Ali Eren

Peygamberimiz (s.a.v.) ve Deni-marka

Deni-marka’da gerçekleştirilen bu “Deni” markalı hakaret ilk değil. Daha çok var.

2005’de Deni-marka’da hakaret karikatürlerinin yayınlandığı ay idi.

Yine Hatay’da amplemine Hilal’in yanına haç ve siyon yıldızı sokuşturularak “Medeniyetler Buluşması” toplantısının yapıldığı ay idi.

Ve yine İstanbul’da, bir hahambaşı adına yapılan konuşmada, Müslümanların terörist ve uzlaşmaz gösterildiği  “Medeniyetler İttifakı” toplantısının yapıldığı ay idi…

Tarih 23-24 Eylül 2005 idi. İstanbul Yeşilköy Latin Katolik kilisesinde şu başlık altında bir toplantı yapıldı: İSLA M VE HIRİSTİYAN KAYNAKLARINDA HZ. İSA

Toplantıyı düzenleyenler, M. Ü. İlahiyat Fakültesi Profesörleri ile Gregoriana Üniversitesi idi. İlahiyat profesörlerinden Sayın Mehmet Aydın ve Sayın Osman Zümrüt de oradaydı. Yaşlı bir hıristiyanın ayinden çıktığını gören Osman Zümrüt, “Allah kabul etsin. Siz Hz. İsa ile biz de Hz. Muhammed’le cennete gireceğiz” dedi. (Ona göre, cennete girmek için son peygamber Hz. Muhammed Aleyhisselam’a inanmak şart değildi)

Bu toplantıda konuşmacı olarak İtalya’dan gelen kadın profesör Ilarıa MORALİ, Corc Maroviç’in sorusuna verdiği cevapta, “Müslümanların sapık olduklarını” söyledi.

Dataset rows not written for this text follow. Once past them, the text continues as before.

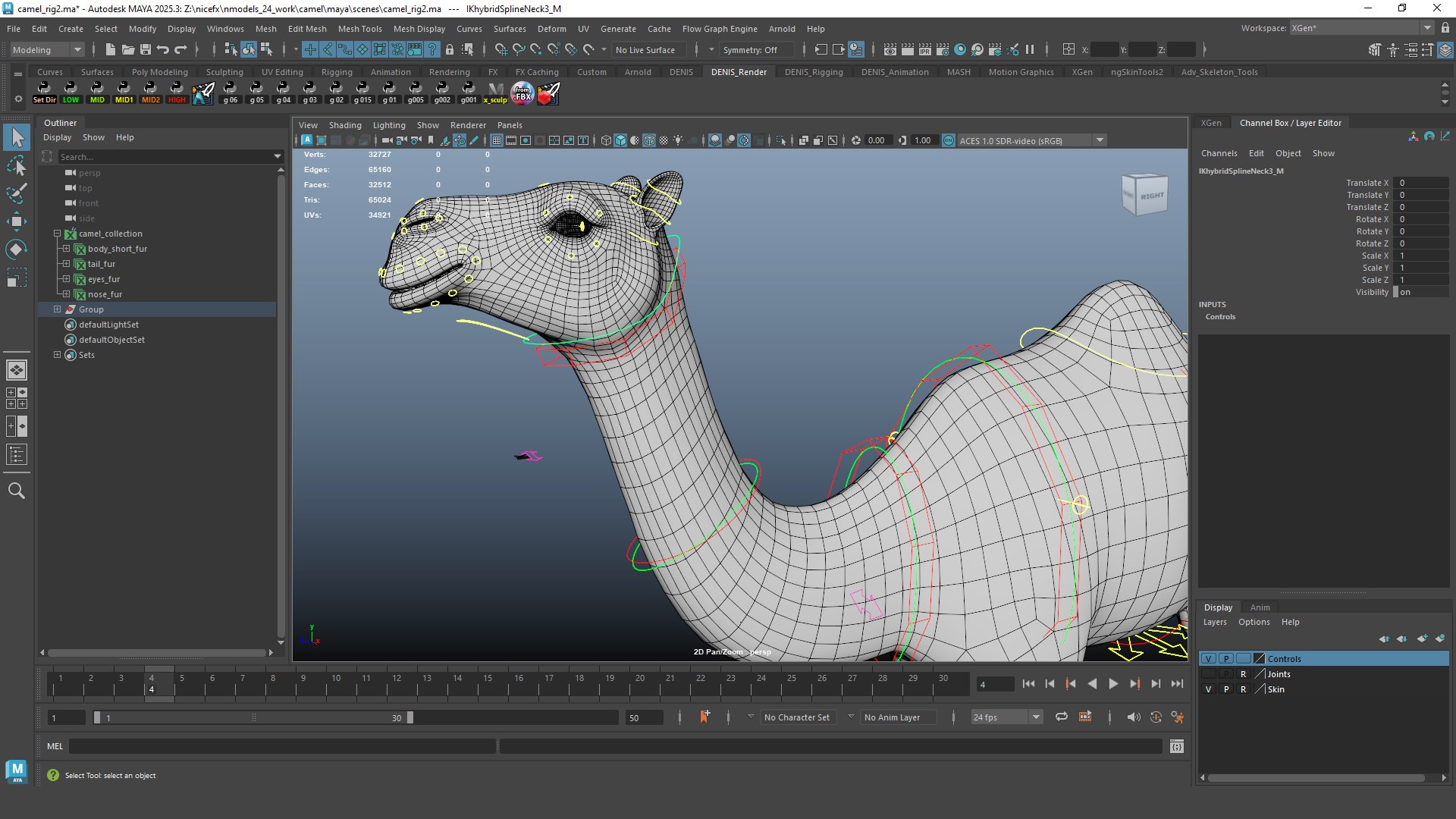 3D Dromedary Camel Rigged Xgen https://p.turbosquid.com/ts-thumb/ed/JDiPGK/m1/camel_maya_screenshot_02/jpg/1758708058/1920x1080/fit_q87/b0b719d5d931d43a17dffcf304c13c625c86f531/camel_maya_screenshot_02.jpg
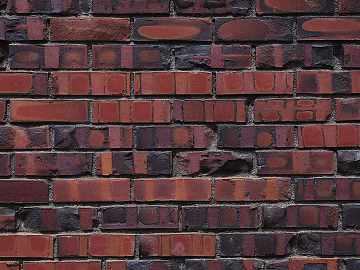 Brick wall 3d model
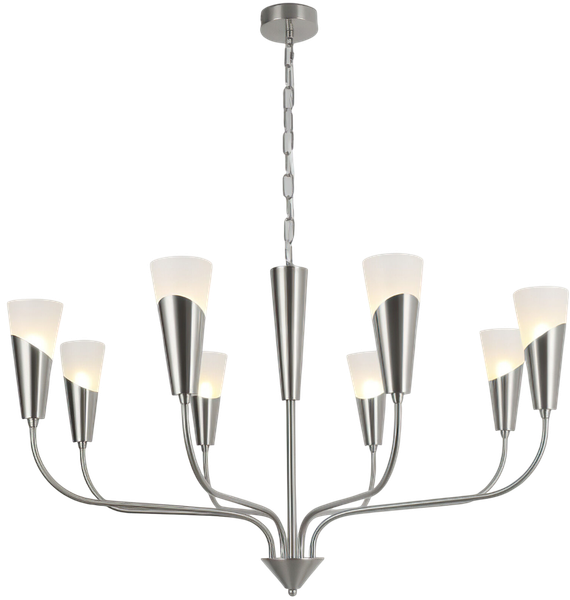 Изображение товара Люстра Евросвет Rhyton 60167/8 (никель)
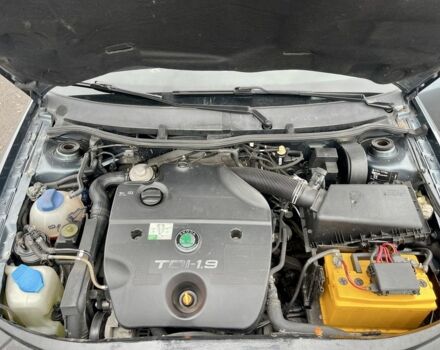 Серый Шкода Октавия, объемом двигателя 1.9 л и пробегом 333 тыс. км за 2500 $, фото 19 на Automoto.ua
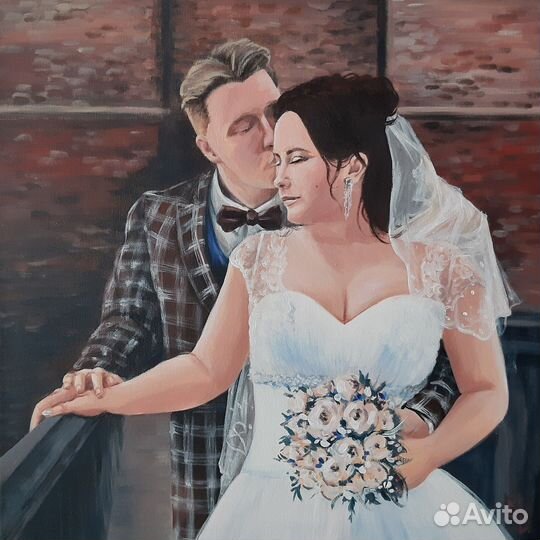 Портрет, картина по фото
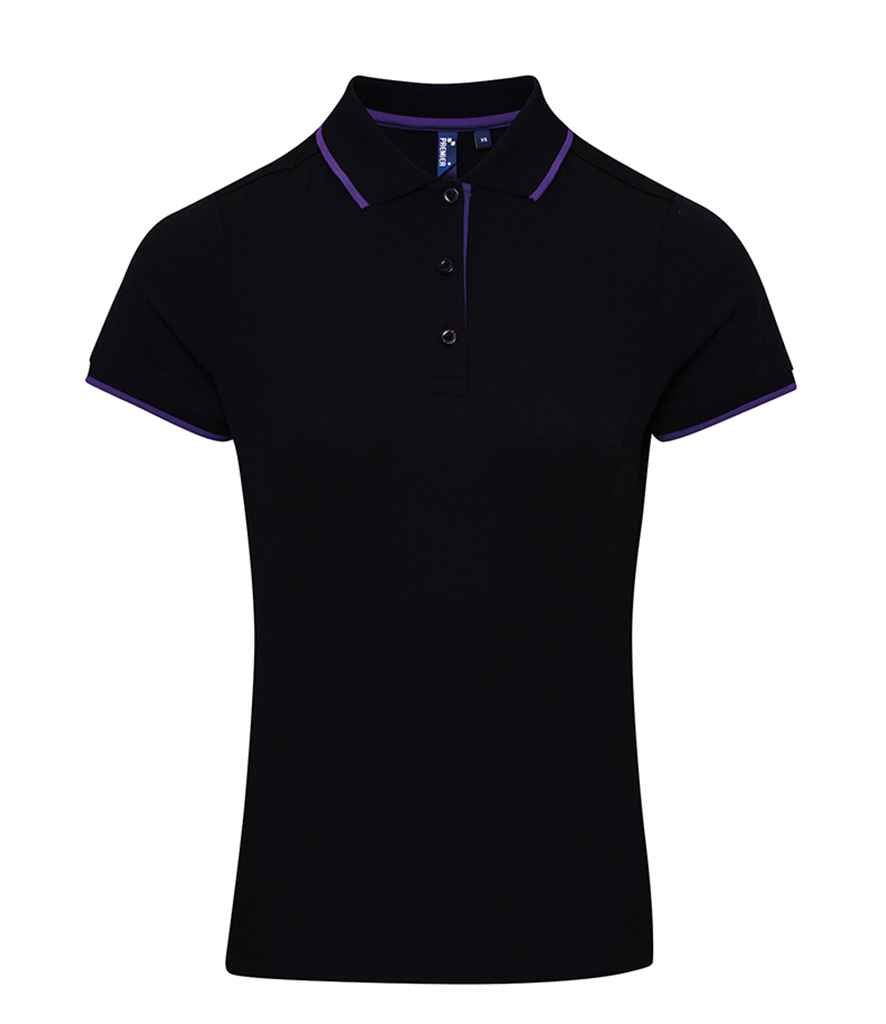 Black/Purple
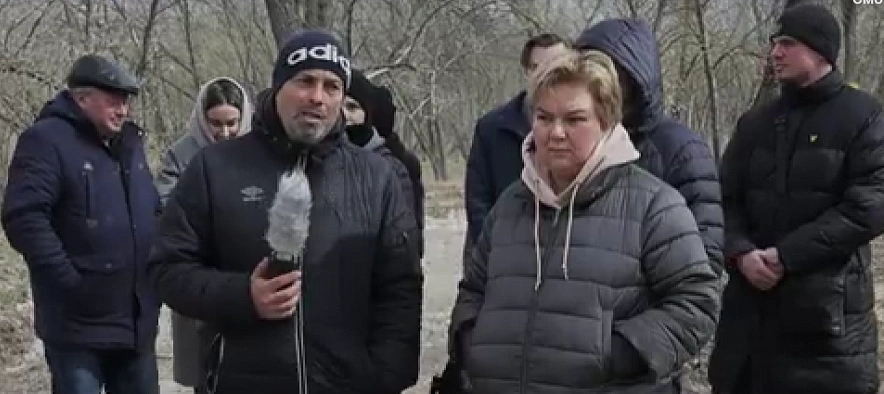 Фото: Ростовчане обратились к Путину по поводу уничтожения рощи, кадр Блокнот Ростова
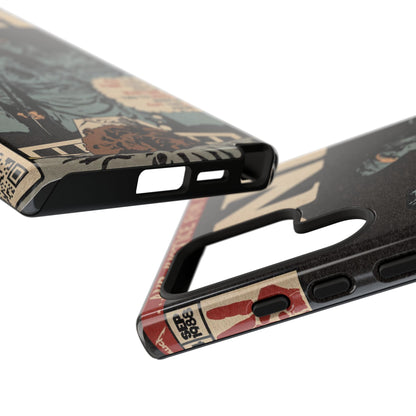 Metallica- One - Johnny Got His Gun Comic Book Art - Tough Phone Cases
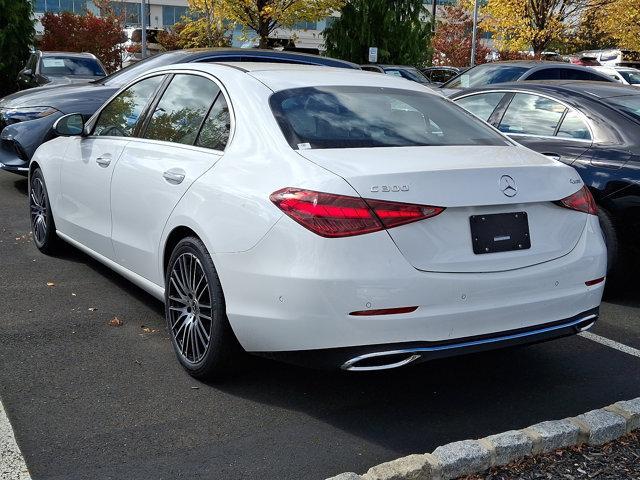 new 2025 Mercedes-Benz C-Class car, priced at $52,085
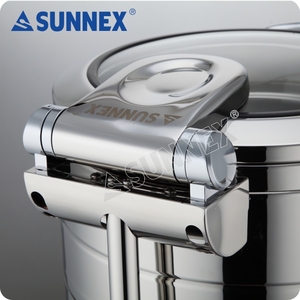 Sunnex-Calentador eléctrico de comida de acero inoxidable para restaurante y hotel - Product Image 2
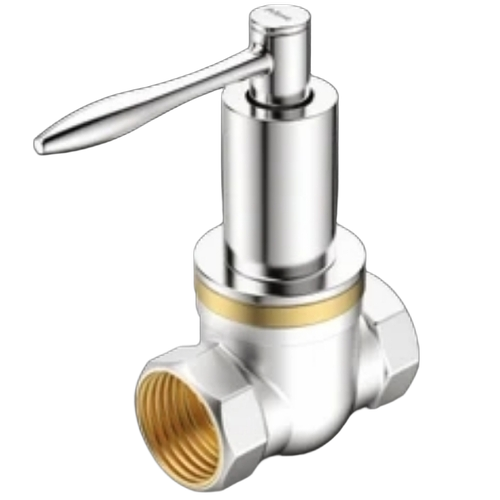CV-01 Brass Chrome Control Valve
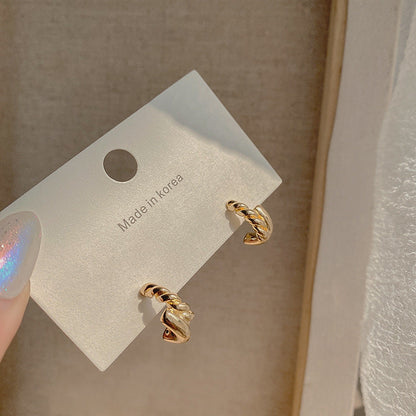 Treatment Personalized Stall Entrepreneurship High-grade Diamond Earrings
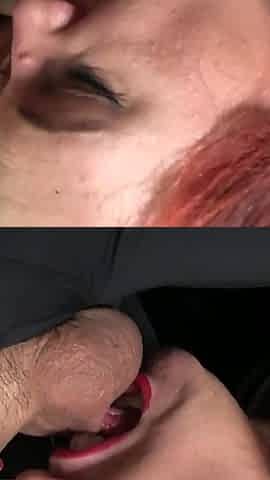 Cheerleaders Ball Licking Blowjob
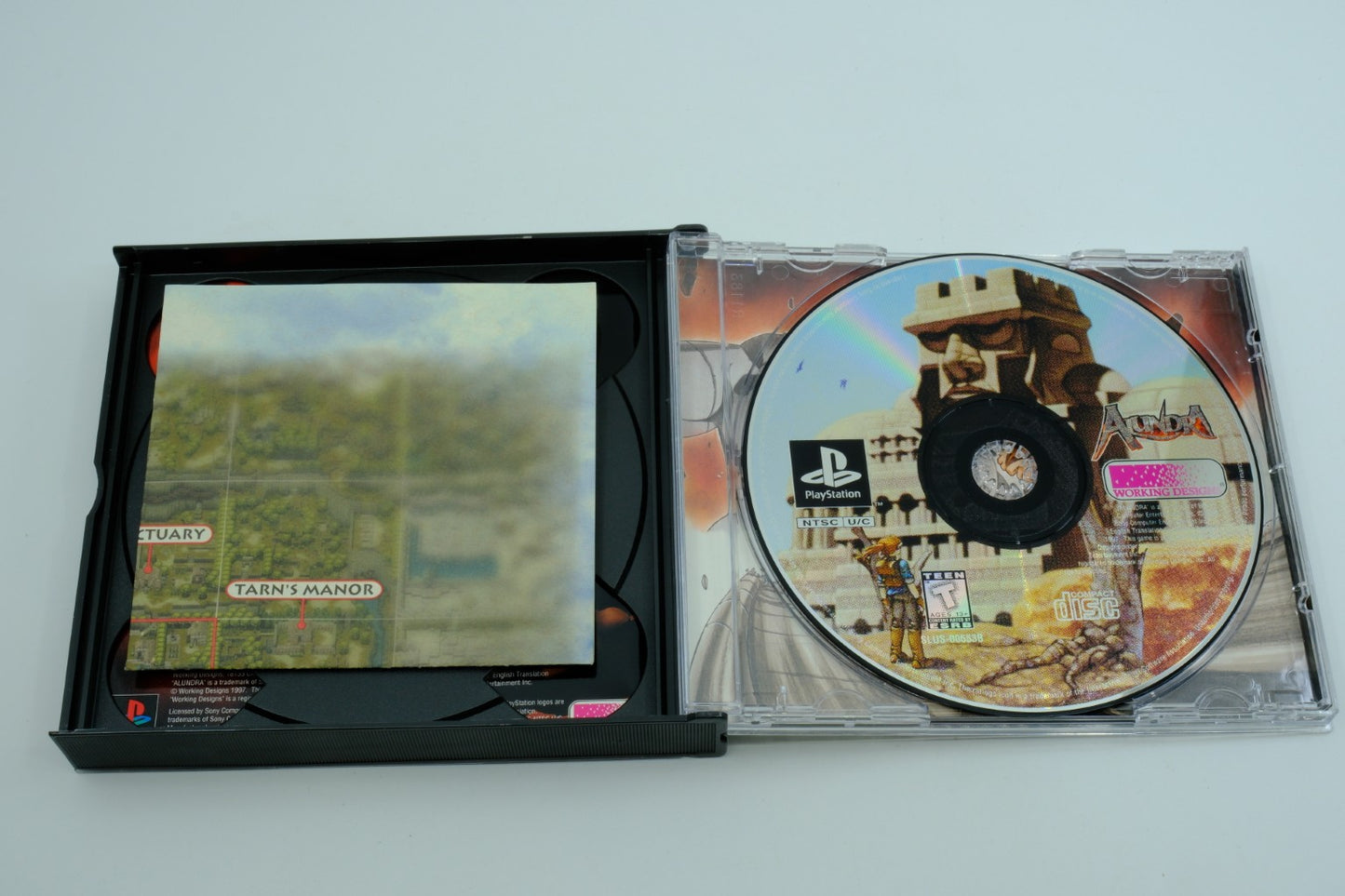 Alundra - Complete in Box + Map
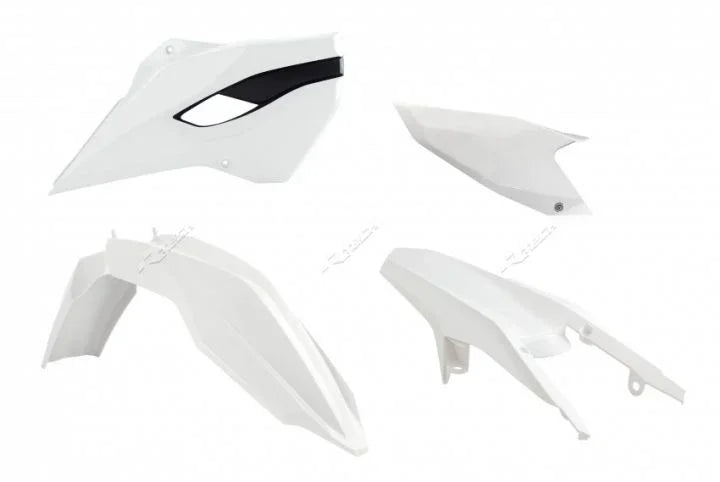 *PLASTICS KIT RTECH HUSABERG TE125 TE250 TE300 FE350 13-14 WHITE - LX2001 - Homewares, Outdoor, Phone Accessories, Cases, Speakers, Headphones + More -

İki ilahiyat profesörü de duydu. Bu söz hakaret sayılmamalı ki ikisi de sustu…

Dinlerarası Diyalogcular, cennete girmek için Peygamber Efendimiz’e inanmanın şart olmadığını söylüyorlar. Hatta bir kitapta, hiç çekinmeden Peygamberimiz’in, “Bir kimse bana da inanmasa cennete gider” dediğini yazabilmişler.

Bu doğru mu? Elbette hayır. Bunun İslam inancına taban tabana zıt olduğu açık. Onlar Kur’an’ın hükümlerini yok sayarak hıristiyanları cennete sokmaya çalışadursunlar, Hıristiyan alemi bizim Peygamberimiz’e hep birden hakaret ediyorlar. Ve yukarda yazdığım gibi, bizim sapık olduğumuzu söylüyorlar.

Türkiye Protestanları basın sözcüsü İsa Karataş’a sordum: “Bizden bazıları sizin cennete gireceğinizi söylüyorlar. Peki siz bizim hakkımızda ne diyorsunuz?”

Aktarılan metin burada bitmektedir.